LA FEMME COURBÉE

Ml 3, 1-4 ; Lc 13, 10-17

(20 octobre 1993)

Homélie du Frère Daniel BOURGEOIS

 

N

ous n'imaginons peut-être pas assez l'émoi et la perturbation qui furent semés ce jour-là dans la synagogue, à cause du comportement de Jésus. En fait, ce petit geste comme la plupart des gestes que posaient les juifs dans le contexte religieux prenait une sorte de valeur absolument disproportion­née par rapport à l'enjeu. Ce que Jésus faisait ce jour-là, Il bouleversait l'ordre de la Loi qui est l'ordre du monde, qui est l'ordre de la création, qui est l'ordre de toutes choses, qui fait que tout se tient. Et bien Jésus bouleversait l'ordre de la Loi pour une pauvre femme bossue. Et c'était cela qui scandalisait tout le monde, à commencer par le chef de synagogue qui était tellement sidéré par le comportement de Jésus qu'il n'a pas osé s'en prendre directement à Jésus Lui-même, mais qu'il s'en est pris à la pauvre femme en lui disant : "Tu ne peux pas respecter les horaires des permanences ! Pendant le sabbat, on ne vient pas normalement se faire guérir et donc tu aurais dû rester à la maison, écrasée, courbée par ta maladie, et choisir un autre jour pour rencontrer Jésus." En réalité, dans ce petit évènement de rien du tout, c'est tout l'enjeu de la présence de Jésus au milieu de son peuple. Ou bien Jésus continue à cautionner une interprétation de la Loi qui à certains moments est tellement humaine qu'elle empêche les hommes de vivre. Ou bien Jésus en train de commenter l'Écriture ce qui est la chose la plus sainte qui puisse se faire, imaginez un prêtre qui, tout d'un coup, pendant la Consécration, interrompt le récit du Canon pour guérir quelqu'un, ou bien Jésus interrompt sa lecture de la Parole de Dieu et vient secourir cette femme pour lui donner la plénitude de sa liberté. Car c'est bien de cela qu'il s'agit à travers le signe que Jésus accomplit. Cette femme était courbée, c'est-à-dire elle était sous le poids d'un esprit qui la possédait, elle était le symbole de l'humanité tenue par le péché.
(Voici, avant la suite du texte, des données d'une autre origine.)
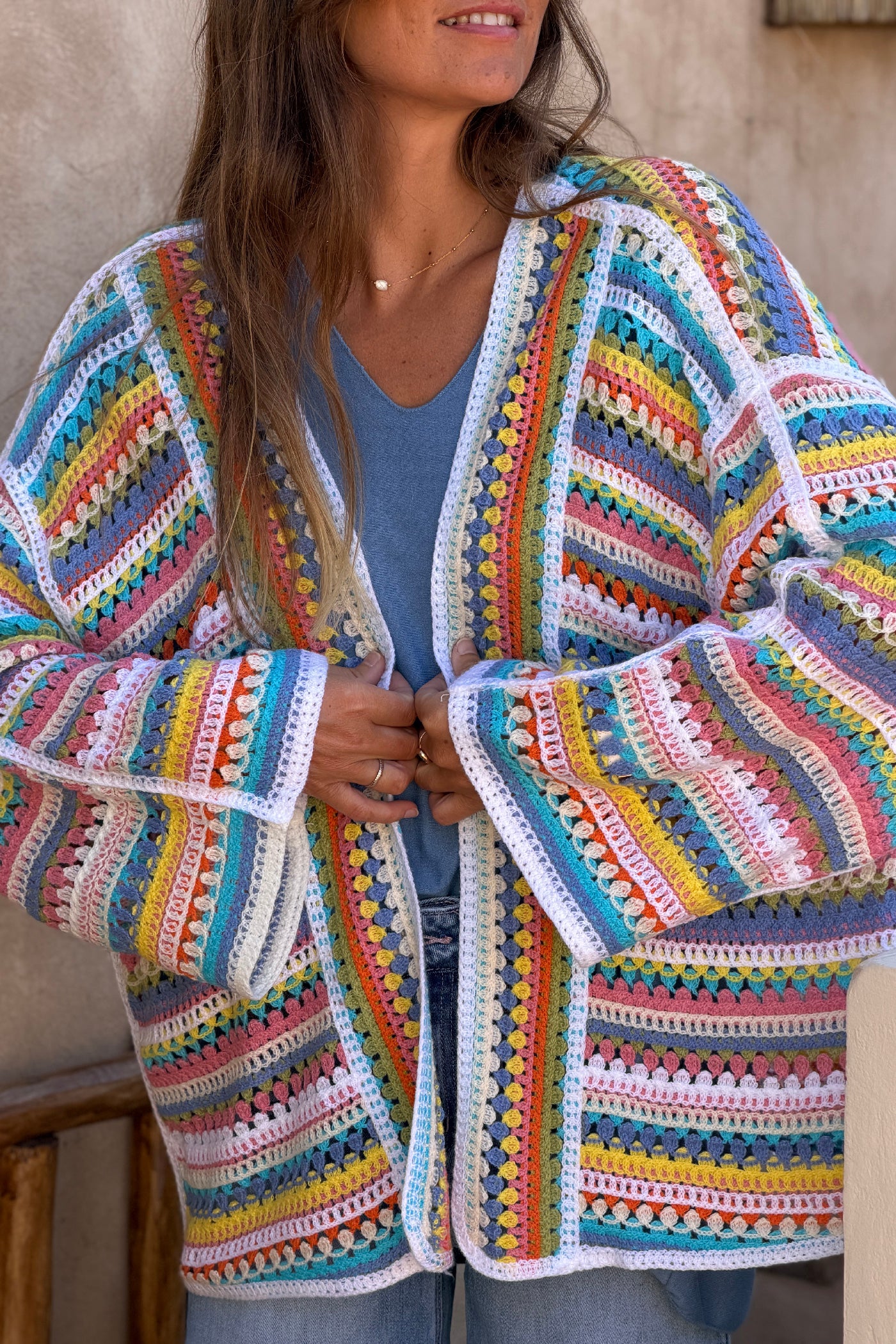 White Rainbow Summer Stripes Crochet Cardigan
Et Jésus la redresse, c'est-à-dire que, par anticipation, Il la fait participer à la puissance de sa Résurrection lorsque Lui-même se redressera du tom­beau. C'était cela l'enjeu. Ou bien une soumission à une interprétation littérale de la Loi, un ordre du monde qui garantit toute chose mais qui, au fond, quand il est mal appliqué ou mal perçu, peut être aussi un ordre des choses qui empêche l'homme de vivre, ou bien promouvant la Loi jusqu'à ses ultimes possi­bilités, dévoiler à Israël que la Loi était la pédagogie de la liberté des enfants de Dieu.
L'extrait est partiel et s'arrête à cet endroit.